A railway viaduct, one-half mile or more in length is another example of the Kahn methods. This structure belongs to the Richmond & Chesapeake Railway and is located at Richmond, Va. There is a span of 70 feet which has girders nearly 6 feet deep. At another span the girders, probably of about the same depth, sagged but ⅛ inch upon removal of the falsework.
A style of reinforcement much used consists of a net-like fabric of metal. This is employed largely in floors to bind the whole mass together. In the manufacture of this netting, a Canadian company has found it desirable to repair the inevitable breakages of strands in manufacture by the use of the Davis-Bournonville Company’s oxyacetylene torch. It is said that welds can be made on the average of one in two minutes in the case of an ordinary weight of the fabric. This netting is made by expanding sheets of perforated metal from a narrow to a considerable width. It is during this expansion that the strands sometimes break.
Another style of floor reinforcement is the fabric made from wire. That floors properly reinforced are quite substantial may be judged from the case of the United States Fidelity & Guarantee Company. Their building in Baltimore was exposed to intense heat in the great fire of 1904. In fact, a considerable part of the side walls and the front fell, leaving floors of concrete. A load of brick giving a pressure of 300 pounds per square foot was arranged on one of the floors to a distance of 5 feet to each side of one of the girders. The deflection amounted to ⅛ inch. This was about 1⁄20 of 1 per cent of the span. This is an example of Hennibique construction.
Reference has already been made to the Kahn truss reinforcement. With the same general object in view, the Hennibique truss has been designed. There are two horizontal bars, one above the other. The upper is, however, not perfectly horizontal except near the center. Towards
either side, this bar rises as it recedes from the center. These two bars are enveloped by loose stirrups arranged vertically and at intervals. These are open at the top and closed below.

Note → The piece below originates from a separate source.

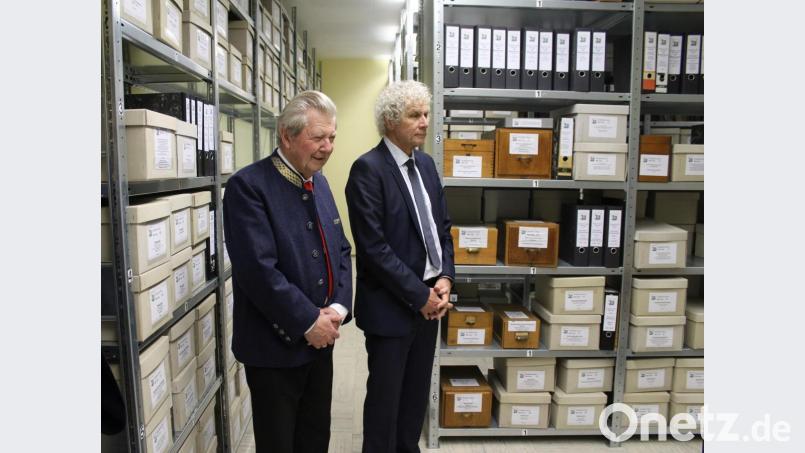 Kreisarchivpfleger Robert Treml (links) mit Landrat Wolfgang Lippert im Bärnauer Stadtarchiv. Bild: Susanne Forster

There are two varieties of piles—the bearing pile and the sheet pile. Their duties are quite different. One sustains a compressive load, the other withstands a transverse thrust. But concrete has been used for both kinds. In the case of the bearing pile, its own intrinsic qualities are eminently suitable. It has good compressive resistance; it is teredo proof, and has the prospect of long life whether conditions are wet, dry or a mixture of the two. Wood makes an admirable bearing pile, if constantly submerged, but it is a prey to the teredo. The necessity for constant submergence limits the usefulness of the wood pile. It must be cut off below the hydraulic level, and this necessitates carrying the foundation footings to a lower level than would otherwise ordinarily be the case. With the concrete bearing pile, on the contrary, the footings may be constructed at any level desired as the pile itself may be partly submerged and partly in the dry. However, the concrete pile may be subjected to other than compressive stresses, especially during its placement. And so, some reinforce it. Some, no doubt, have in view a possible buckling when in the ground, particularly if the surrounding soil is yielding. Reinforcement both longitudinal and transverse is employed. Longitudinal bars are arranged at intervals around and within the periphery. These may be bound together by separate hoops disposed along the length or by wire wound about the longitudinals in spirals. In the case of concrete sheet piling, the concrete supplies a surface and forms a protective covering to the imbedded reinforcement which is here a vital matter and consequently indispensable. In the dock improvements at Baltimore, to which reference has already been made, reinforced concrete sheet piling was largely used. The steel sheet pile
could not well have been used here because of its susceptibility to corrosion. The concrete slabs, 12 × 18 inches in cross-section perform the duty of retaining masses of earth in place both above and below the water line. There were certain other concrete constructional elements of an auxiliary character. The total reinforcement amounted to about 1,200 tons.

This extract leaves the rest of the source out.